Generalized Cross Entropy estimator

Given the previous, and for the reparameterized linear regression model, \[\begin{equation} \mathbf{y}=\mathbf{XZp} + \mathbf{Vw}, \end{equation}\]
the Generalized Cross Entropy (GCE) estimator is given by

\[\begin{equation} \hat{\boldsymbol{\beta}}^{GCE}(\mathbf{Z},\mathbf{V}) = \underset{\mathbf{p},\mathbf{q},\mathbf{w},\mathbf{u}}{\operatorname{argmin}} \left\{\mathbf{p}' \ln \left(\mathbf{p/q}\right) + \mathbf{w}' \ln \left(\mathbf{w/u}\right) \right\}, \end{equation}\]
subject to the same model constraints as the GME estimator (see “Generalized Maximum Entropy framework”).

Using set notation the minimization problem can be rewritten as follows: \[\begin{align} &\text{minimize} & I(\mathbf{p,q,w,u}) &=\sum_{m=1}^M\sum_{k=0}^{K} p_{km}ln(p_{km}/q_{km}) +\sum_{j=1}^J\sum_{n=1}^N w_{nj}ln(w_{nj}/u_{nj}) \\ &\text{subject to} & y_n &= \sum_{m=1}^M\sum_{k=0}^{K} X_{kn}Z_{kj}p_{kj} + \sum_{m=1}^M V_{nm}w_{nm} \\ & & \sum_{m=1}^M p_{km} = 1, \forall k\\ & & \sum_{j=1}^J w_{kj} = 1, \forall k. \end{align}\]

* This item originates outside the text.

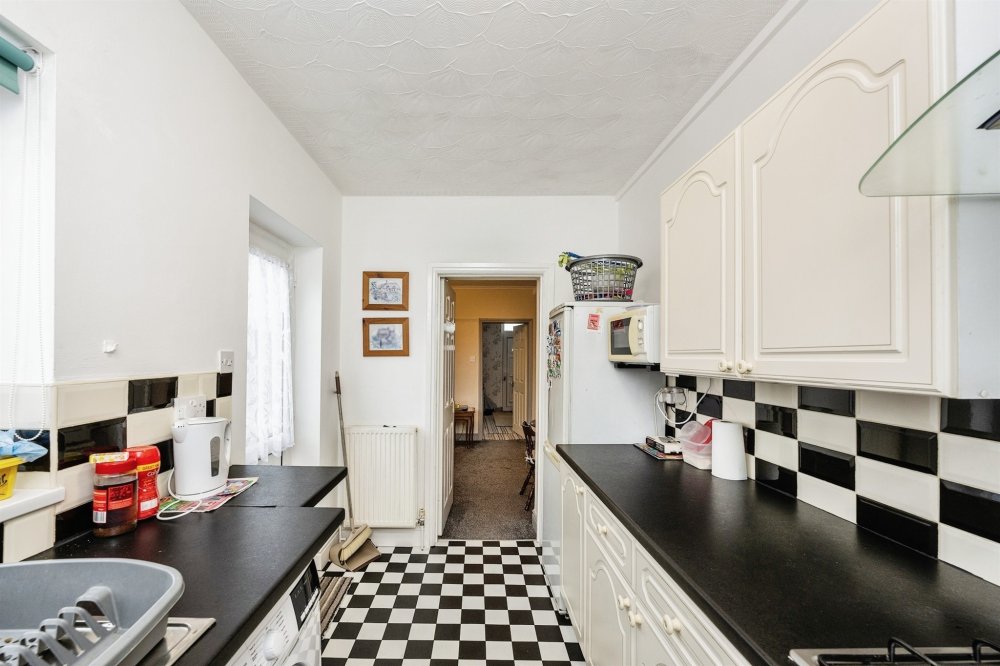 2 bedroom property for sale in Clase Road, Morriston, Swansea Offers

The Lagrangian equation \[\begin{equation} \mathcal{L}=\mathbf{p}' \ln \left(\mathbf{p/q}\right) + \mathbf{w}' \ln \left(\mathbf{w/u}\right) + \boldsymbol{\lambda}' \left( \mathbf{y} - \mathbf{XZp} - \mathbf{Vw} \right) + \boldsymbol{\theta}'\left( \mathbf{1}_{K+1}-(\mathbf{I}_{K+1} \otimes \mathbf{1}'_M)\mathbf{p} \right) + \boldsymbol{\tau}'\left( \mathbf{1}_N-(\mathbf{I}_N \otimes \mathbf{1}'_J)\mathbf{w}\right) \end{equation}\]
can be used to find the interior solution, where \(\lambda\), \(\theta\), and \(\tau\) are \((N\times 1)\), \(((K+1)\times 1)\), \((N\times 1)\) associated vectors of Lagrangian multipliers, respectively.
Taking the gradient of the Lagrangian and solving the first-order conditions yields the solutions for \(\mathbf{\hat p}\) and \(\mathbf{\hat w}\)

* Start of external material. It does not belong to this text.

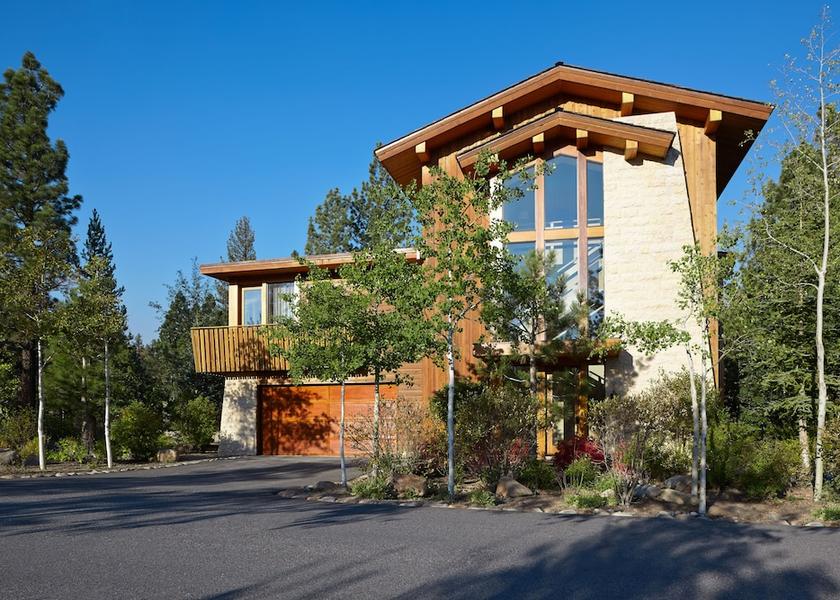 California Mammoth Lakes Facade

\[\begin{equation} \hat p_{km} = \frac{exp(-z_{km}\sum_{n=1}^N \hat\lambda_n x_{nk})}{\sum_{m=1}^M exp(-z_{km}\sum_{n=1}^N \hat\lambda_n x_{nk})} \end{equation}\] and \[\begin{equation} \hat w_{nj} = \frac{exp(-\hat\lambda_n v_{n})}{\sum_{j=1}^J exp(-\hat\lambda_n v_{n})}. \end{equation}\]

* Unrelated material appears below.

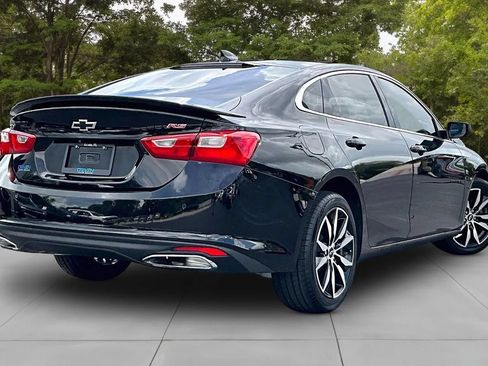 Used 2024 Chevrolet Malibu RS FWD image 2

Note that when the prior distribution is uniform, maximum entropy and minimum cross entropy produce the same results.

Examples

Consider dataGCE (see “Generalized Maximum Entropy framework”).
Again under a “no a priori information” scenario for the parameters, one can assume that \(z_k^{upper}=100\), \(k\in\left\lbrace 0,\dots,6\right\rbrace\) is a “wide upper bound” for the signal support space. Using lmgce a model can be fitted under the GME or GCE framework. If support.signal.points is an integer, a constant vector or a constant matrix one is assuming a uniform distribution on \(\mathbf{q}\) and therefore considering the GME framework.

library(GCEstim)

res.lmgce.100.GME <-
  GCEstim::lmgce(
    y ~ .,
    data = dataGCE,
    cv = TRUE,
    cv.nfolds = 5,
    support.signal = c(-100, 100),
    support.signal.points = 5,
    twosteps.n = 0,
    seed = 230676
  )

The estimated GME coefficients are \(\widehat{\boldsymbol{\beta}}^{GME_{(100)}}=\) (1.026, -0.155, 1.822, 3.319, 8.393, 11.467).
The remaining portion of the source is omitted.